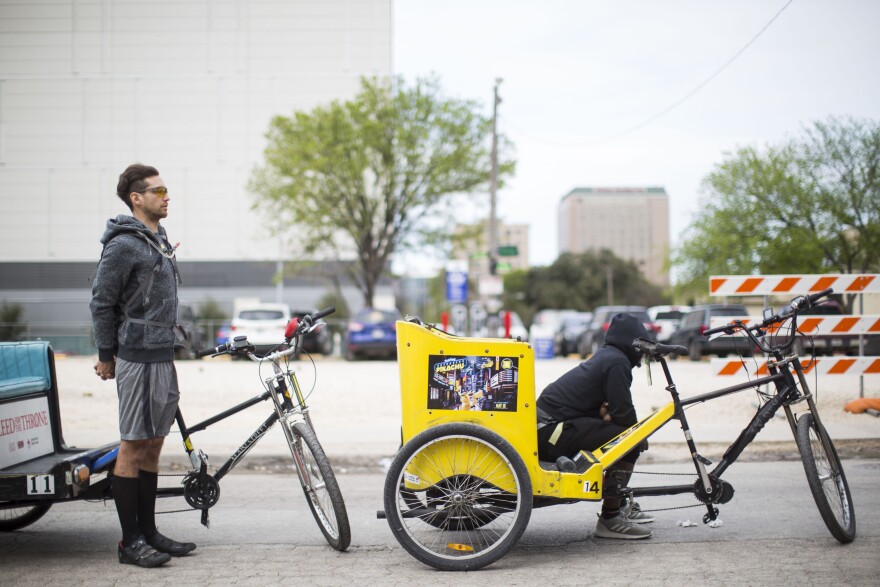 Two pedicab drivers waiting for rides. One driver is standing and the other is sitting on the passenger compartment.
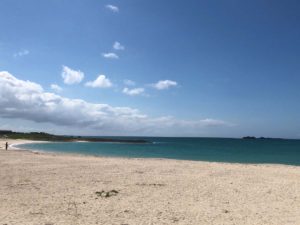 美らSUNビーチ。右手向こうにちらっと見えるのは岡波島（ウカハジマ）。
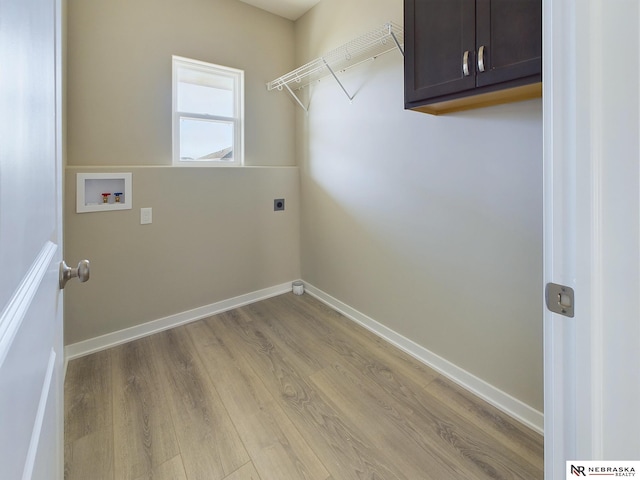 clothes washing area featuring cabinets, hookup for a washing machine, light hardwood / wood-style flooring, and hookup for an electric dryer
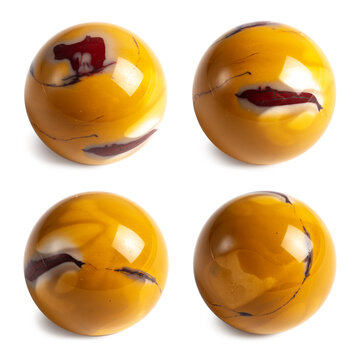 A variety of jasper - Yellow Mookaite. Stone sphere in four positions, isolated background. Collecting and magic concept. A hand-taken photo, not AI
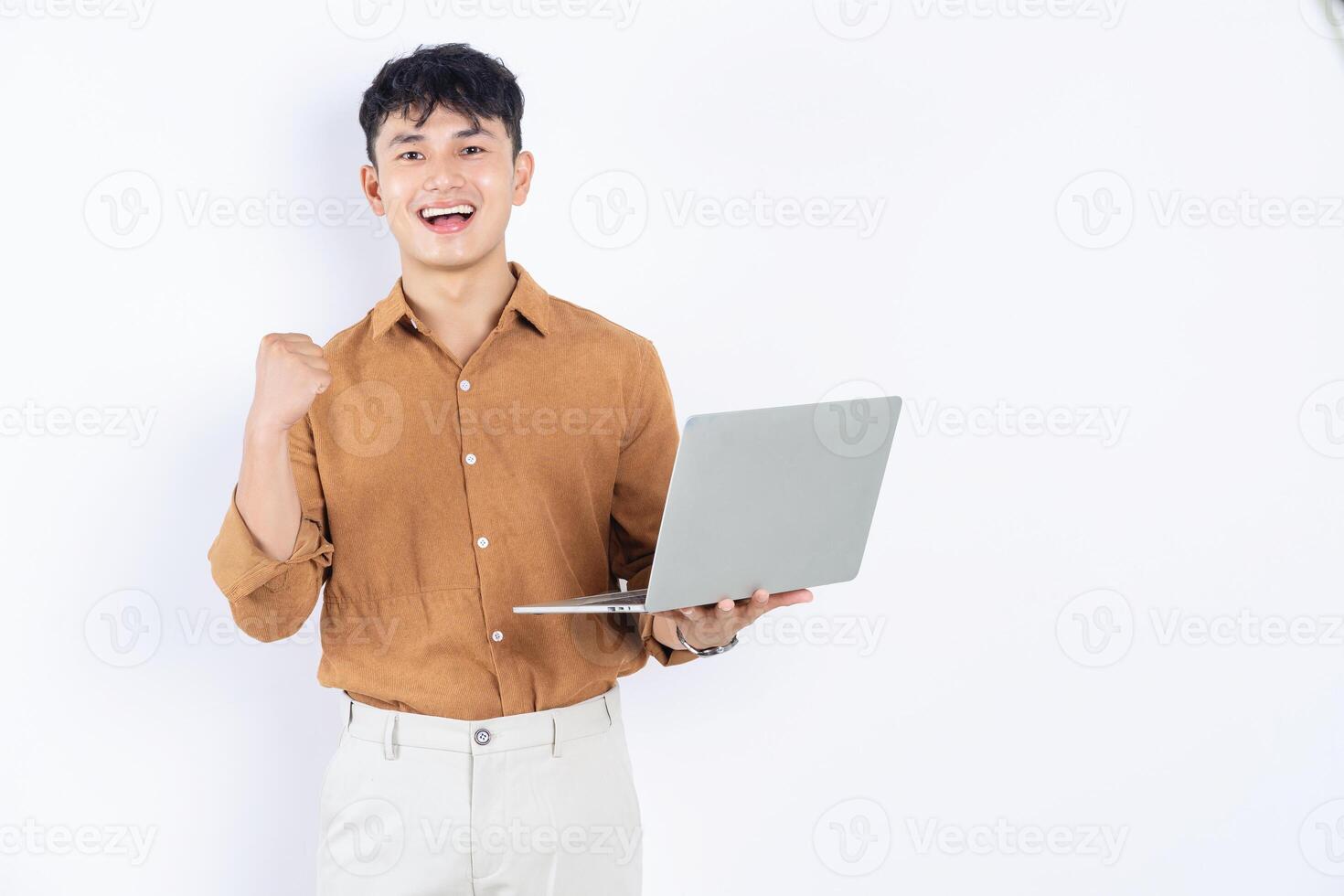 Photo of young Asian businessman on white background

• _REQUIREMENT_
With the images omitted, repeat all the data word for word.

• _THE ANSWER_
 Two pedicab drivers waiting for rides. One driver is standing and the other is sitting on the passenger compartment.
 美らSUNビーチ。右手向こうにちらっと見えるのは岡波島（ウカハジマ）。
 clothes washing area featuring cabinets, hookup for a washing machine, light hardwood / wood-style flooring, and hookup for an electric dryer
 A variety of jasper - Yellow Mookaite. Stone sphere in four positions, isolated background. Collecting and magic concept. A hand-taken photo, not AI
 Photo of young Asian businessman on white background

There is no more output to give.